= Uncovered (short story collection) =

Short story collection by Paul Jennings

First edition (publ Puffin Books)

Uncovered is the eighth in a series of collections of short stories by Australian author Paul Jennings. It was first released in 1995.

==The stories==

===For Ever===
A deliberately humorless melancholic drama about a terminally-ill boy called Tim who wants nothing more than to see snow. His non-verbal brother, Richard, is obsessed with toilet paper and honey and says nothing but "Aargh". Could this obsession be linked to his brother's desire?

===Too Many Rabbits===
A boy called Philip, whose parents own a bookshop, buys a rabbit from a girl who owns a junk shop. When the rabbit has babies, he keeps them hidden in a secret room but the breeding starts to get out of control. Caring for and hiding hundreds of rabbits soon becomes an impossible task. Was adapted as an episode of Driven Crazy.

===A Mouthful===
A girl has a father who loves playing practical jokes on her friends whenever they come for a sleepover. One night, however, he ends up becoming the victim of his own joke.

===Listen Ear===
When a boy called Brad looks at and accidentally hides his father's compass and then lies about it, he is forced to stay home and be babysat while the rest of his family goes to the movies.
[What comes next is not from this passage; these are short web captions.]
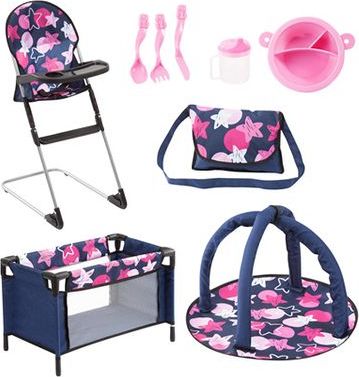 Bayer Podróżne łóżko 9w1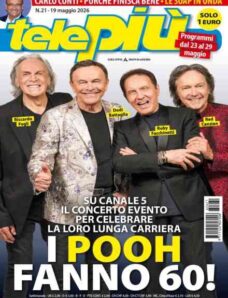 Telepiu – 19 Maggio 2026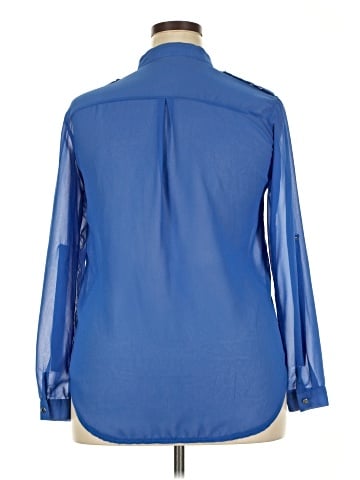 Zanzea Collection Long Sleeve Blouse (view 2)
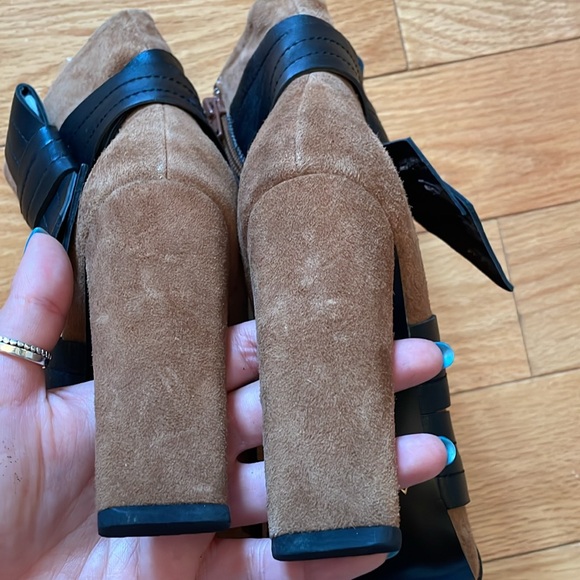 ALDO Suede Boots - Picture 4 of 8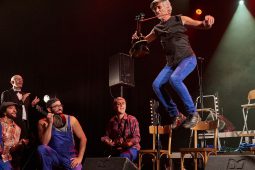 Big Ukulélé Syndicate, Concert
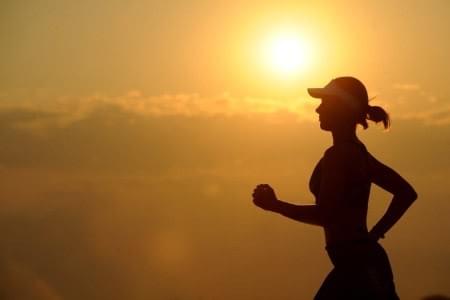 a runner example of productivity gains at work a runner example of productivity gains at work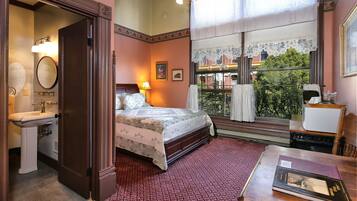Deluxe Room (2nd Floor) | 1 bedroom, free WiFi, bed sheets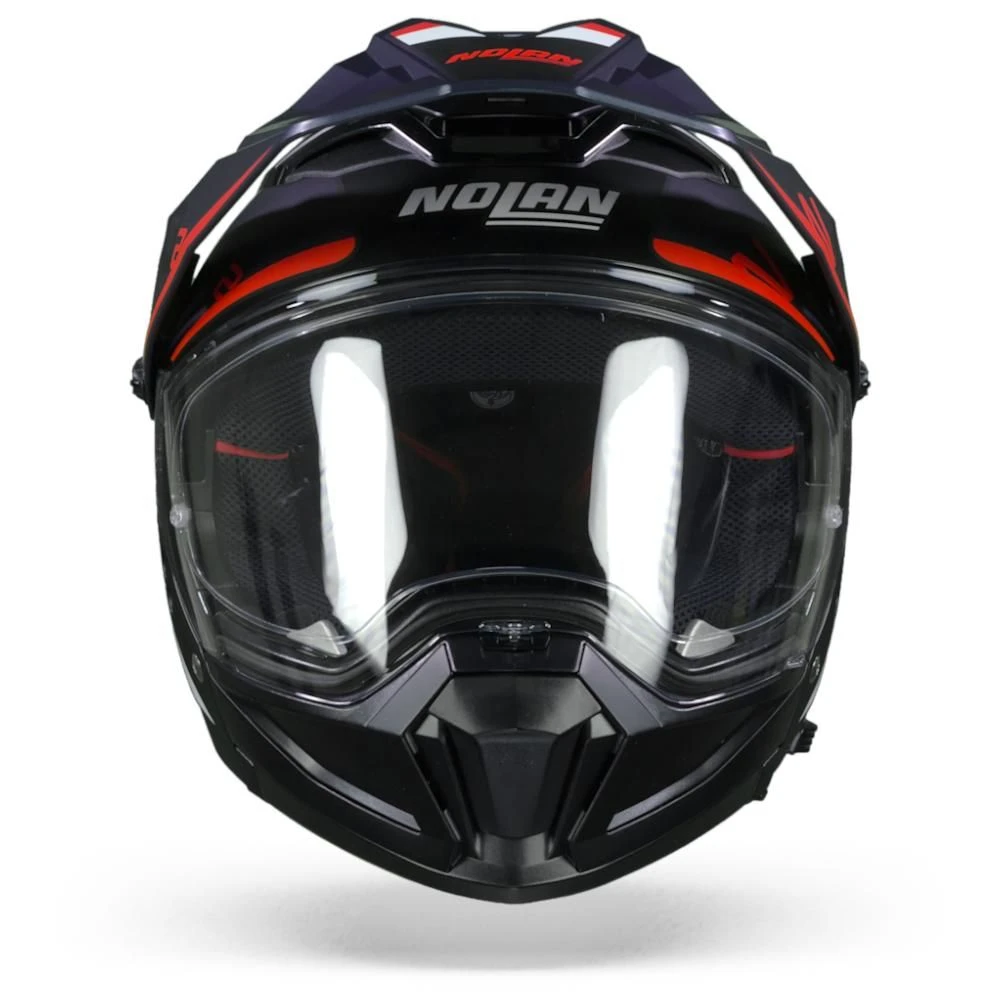 Nolan N70-2 X Bungee N-Com 038 Multihelm 7 Nolan N70-2 X Bungee N-Com 038 Multihelm - Afbeelding 7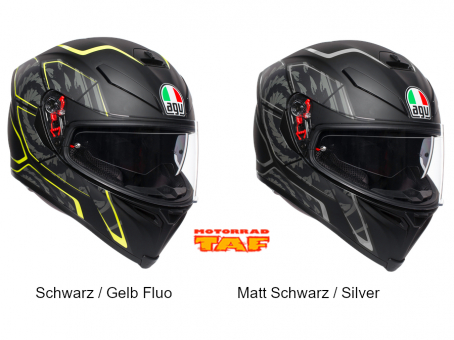 AGV K5S Tornado Integralhelm **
The babysitter doesn't come because her car breaks down, there is a power outage, and Brad ends up being chased by his own reflection. He then tells the reflection that he'll never lie again, and the reflection disappears. Eventually, the family comes home to check if Brad is okay. He tells them his story about the reflection but they don't believe him. They find the compass under his father's desk; the rats actually stole it. Brad then asks if his family believes it but they are suddenly unable to speak. Was adapted as an episode of Driven Crazy.

===Picked Bones===
A boy called Terry receives a box from his late uncle. It bears a warning that it must be kept away from his cat – but not because the cat will damage the contents.

===Just Like Me===
A 21-year-old man called Ben visits the site of his primary school, which had since been demolished for a shopping centre. When he was 12, he buried a time capsule containing a letter to his girlfriend here. He hopes that someone will uncover that time capsule, as it was supposed to be uncovered nine years from its burial.

===Ringing Wet===
A girl called Misty who wets the bed enjoys spying on her neighbour who she believes has buried his wife. When her divorced mother takes her and her brother to an amusement park, they are forced to go home early due to a prank played by her brother. Their father makes a bet that when one of them talks, the other gets 50 dollars.

===Backward Step===
A 14-year-old boy called John has the ability to travel through time. He decides to travel to just before his mother was killed and stop her from going on the walk that kills her.

===Pubic Hare===
A boy called Peter is the first in his class to grow pubic hair and feels embarrassed about it, so he gains from an old man the ability to move objects with his mind.